Godfried Shalcken 1643-1706: Cérès cherchant Proserpine
Musée de l'Hôtel Lallemant at Bourges

This seemed to me to be the perfect moody image for the Fall season.  It's time for lovely Proserpina to return to the underworld for half the year as she has been doing ever since she was first abducted there by Pluto. In this 17th century version of Ceres, the Roman goddess of agriculture, harvest and motherly love is shown with her attributes of  fruit and wheat. With a determined flame, she is searching the dusky half-light for her beloved daughter and neglecting her earthly work while doing so. The soil will be barren until the return of Proserpina. Then Ceres will rejoice again and shower her daughter with fruit and flowers and the earth will enjoy Spring once more.
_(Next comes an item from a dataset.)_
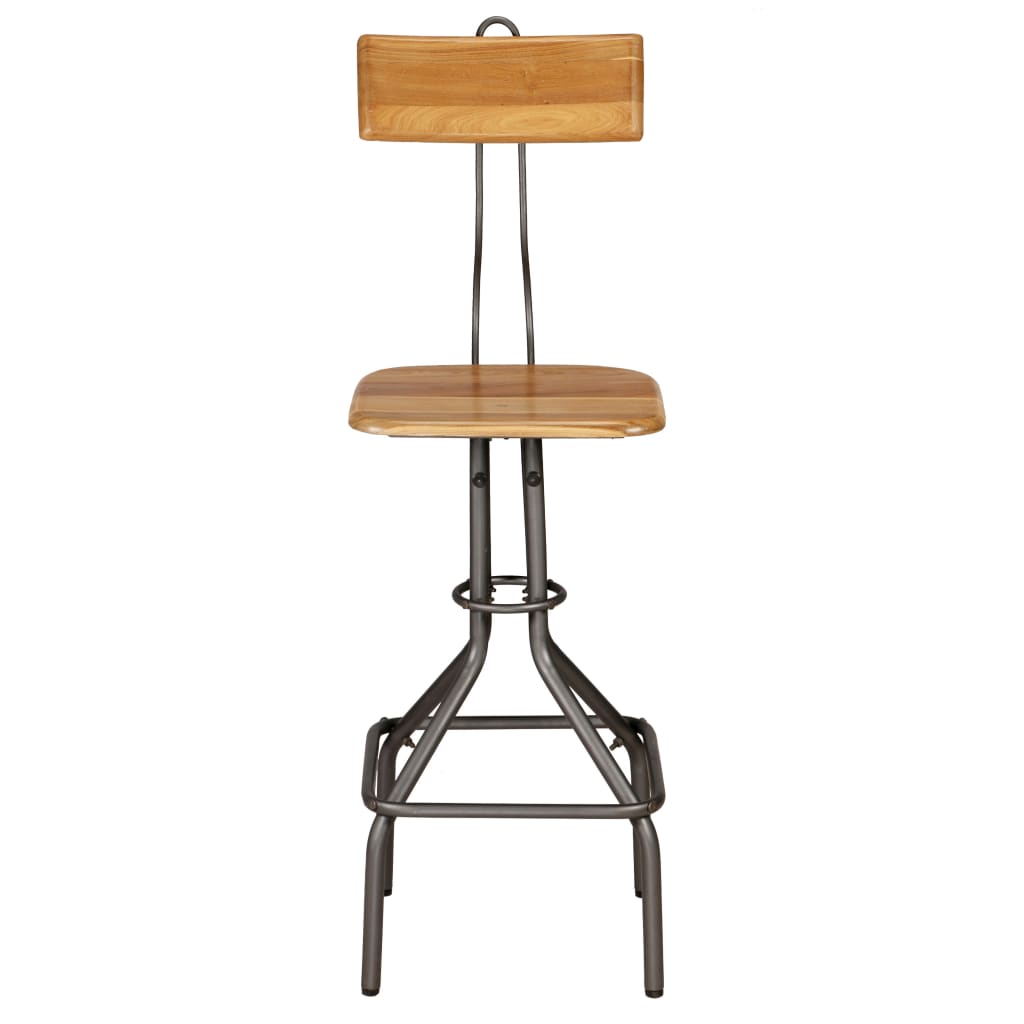 Taburetes De Cocina 2 Unidades Madera Maciza De Teca Reciclada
It was the best sentence Jupiter could work out for a young maid who had partaken --oh, so little-- of nourishment in the land of the dead. So go the cycles.
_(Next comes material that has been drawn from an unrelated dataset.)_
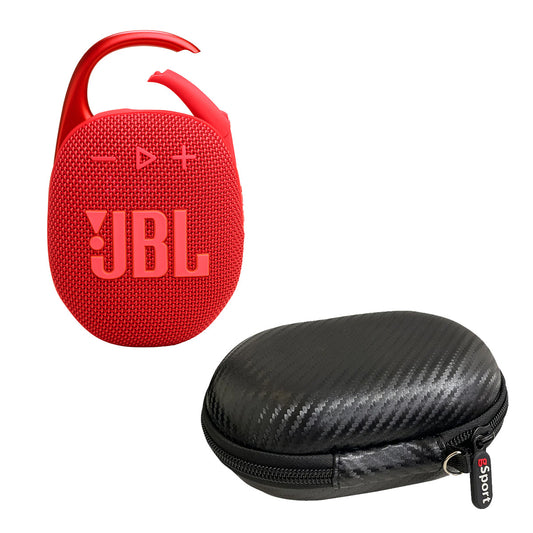 JBL Clip 5 Ultra Portable Bluetooth Speaker with gSport Carbon Fiber Case (Red)
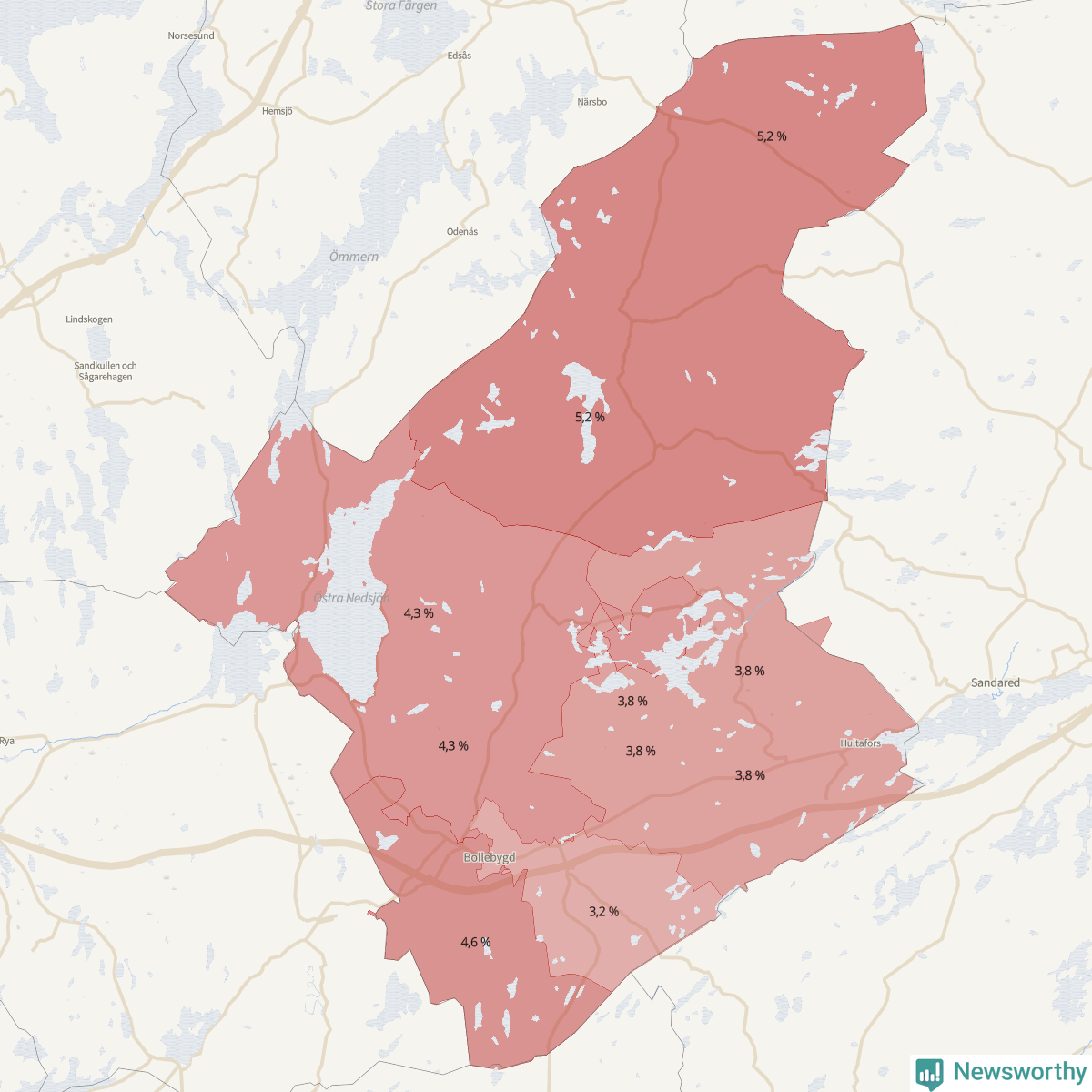Koroplet-karta över partiets stöd i kommunens valdistrikt. Se tabell.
In the word Ceres is the Indo-European root ker, meaning to grow. It is also the root for the words cereals, create, and increase. Wheat is associated with creativity, prosperity, regeneration.

chez Chanel rue Cambon

"Wheat is a recurrent theme in Mademoiselle Chanel’s apartment. She made it her lucky charm, like a subtle metaphor for creativity that never ends…

In each room of the apartment, wheat makes an appearance: as a brass bouquet, in gilded wood on the sitting-room fireplace, as gilded sheaves for a table leg, or even as a simple blade painted for Mademoiselle by Dali."

photo and quote: chanel-news.com




last 2 photos: Ivan Terestchenko
from Les paradis secrets de Yves Saint Laurent et de Pierre Bergé by Robert Murphy

 In Robert Murphy's splendidly illustrated Les paradis secrets de Yves Saint Laurent et de Pierre Bergé,
Terestchenko's photos abound with views of sheaves, wreaths, and other intimate displays of wheat tucked here and there. In every one of their homes, Yves Saint Laurent and Pierre Bergé kept bouquets of wheat.
We've seen it so much lately on the podiums, catwalks, shops in garb and jewel. After coral, wheat seems to be delighting us with its new/ancient forms golden or green. Why not?